To get the HTML as a string we use the `text` property of the Response object.

Before we go farther you should know that often you will get an error when accessing the webpage. There are many errors and even more causes for the error, but the most common cases are:
- You use a wrong URL.
- The website is down. To be sure this happens access it via browser.
- The website blocks bots and scraping agents. You can try to use browser looking UserAgent to fix this. If this happens investigate the `headers` parameter of the `get` method. It usually helps to use a plausible UserAgent but if it doesn't good luck trying to find a solution.

We can convert that text into either a BeautifoulSoup object.

#### Example 1

Create a beautifoul soup object.

In [None]:
web_page = bs4.BeautifulSoup(requests.get(URL, {}).text, "lxml")

In [None]:
web_page

<!DOCTYPE html>
<html lang="en">
<head>
<meta charset="utf-8"/>
<link href="https://assets-cdn.github.com" rel="dns-prefetch"/>
<link href="https://avatars0.githubusercontent.com" rel="dns-prefetch"/>
<link href="https://avatars1.githubusercontent.com" rel="dns-prefetch"/>
<link href="https://avatars2.githubusercontent.com" rel="dns-prefetch"/>
<link href="https://avatars3.githubusercontent.com" rel="dns-prefetch"/>
<link href="https://github-cloud.s3.amazonaws.com" rel="dns-prefetch"/>
<link href="https://user-images.githubusercontent.com/" rel="dns-prefetch"/>
<link crossorigin="anonymous" href="https://assets-cdn.github.com/assets/frameworks-01356238c65ce56a395237b592b58668.css" integrity="sha512-qQ+v+W1uJYfDMrQ/cwCVI+AGTsn1yi4rCU6KX45obe52BoF+WiHNeQ11u63iJA05vyivY57xNbhAsyK4/j1ZIQ==" media="all" rel="stylesheet"/>
<link crossorigin="anonymous" href="https://assets-cdn.github.com/assets/github-f01d758edeec501660dbed3e681f6493.css" integrity="sha512-V9a64JRnkUg/Cpl1MyEG/fDlLG4NnmKpmq

Web pages are trees of elements nested one inside the other.

For example:
- html
  - body
      - div
      - div
      - div
      
We say that body is a child of html and html is a parent of body, and that the 3 div are children of body. The 3 div are siblings. This terminology matters because the method names in bs4 follow it. 

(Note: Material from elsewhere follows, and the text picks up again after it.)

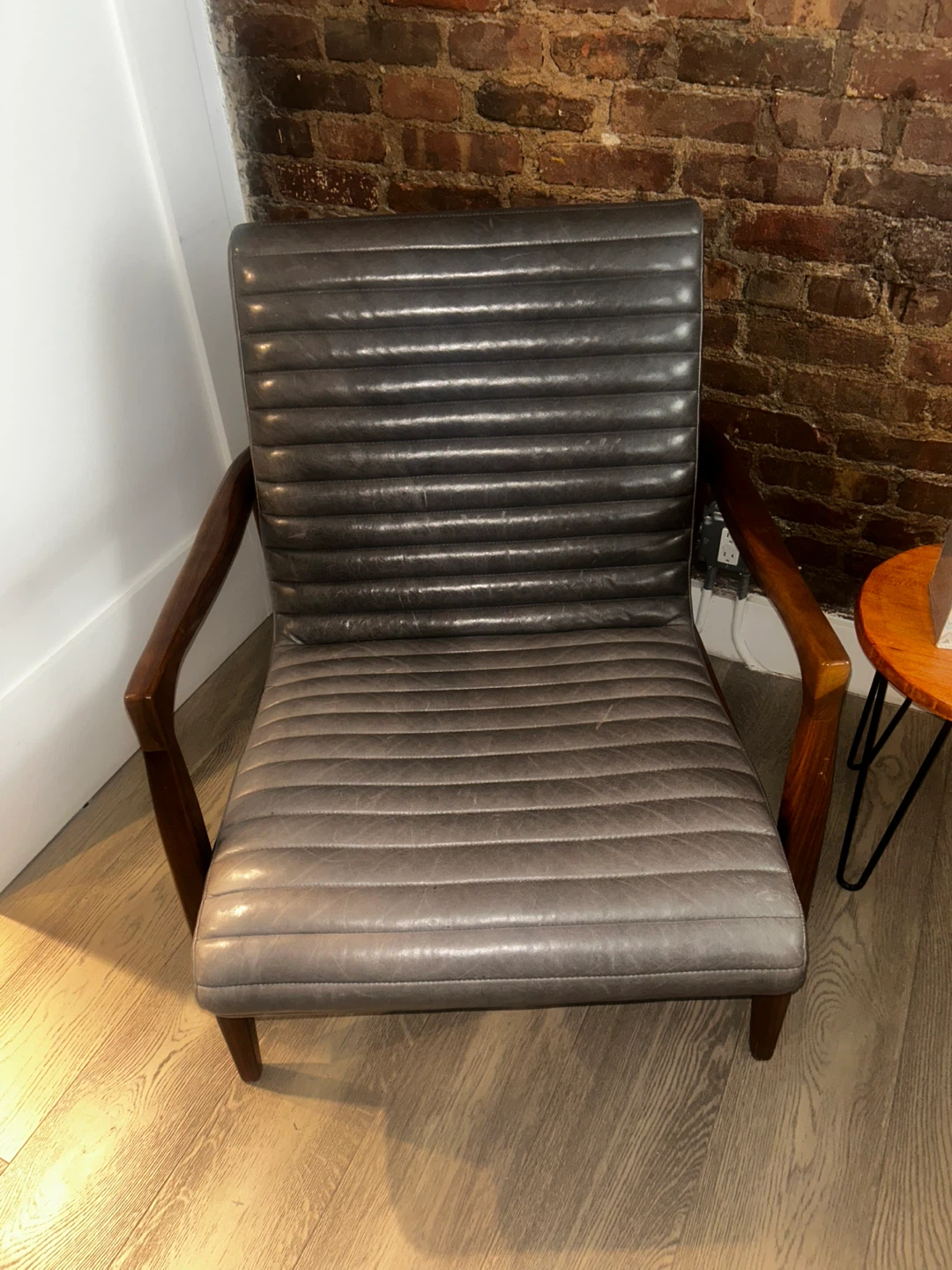 Set of 3 Room & Board Reynolds Leather Chairs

Before you go scrapping open the website in Inspector View to see the nesting hierarchy of web page elements.

Generally all web pages have two main sections called `head` and `body`:
- `head` is where a lot of metadata lives
- `body` is what you seen on the screen and it contains all links, tables and images.

#### Example 2

Let's find the title of the web page we pulled using the `head` and `title` elements.

In [None]:
web_page.head.title

<title>GitHub - requests/requests: Python HTTP Requests for Humans™ ✨🍰✨</title>

We can navigate the tree by going element by element. You need to know the element names (html, head, div, span, p, a and so on) but don't worry if you don't. Look at the webpage in the inspector view in your browser and you can see the full path to the element of interest.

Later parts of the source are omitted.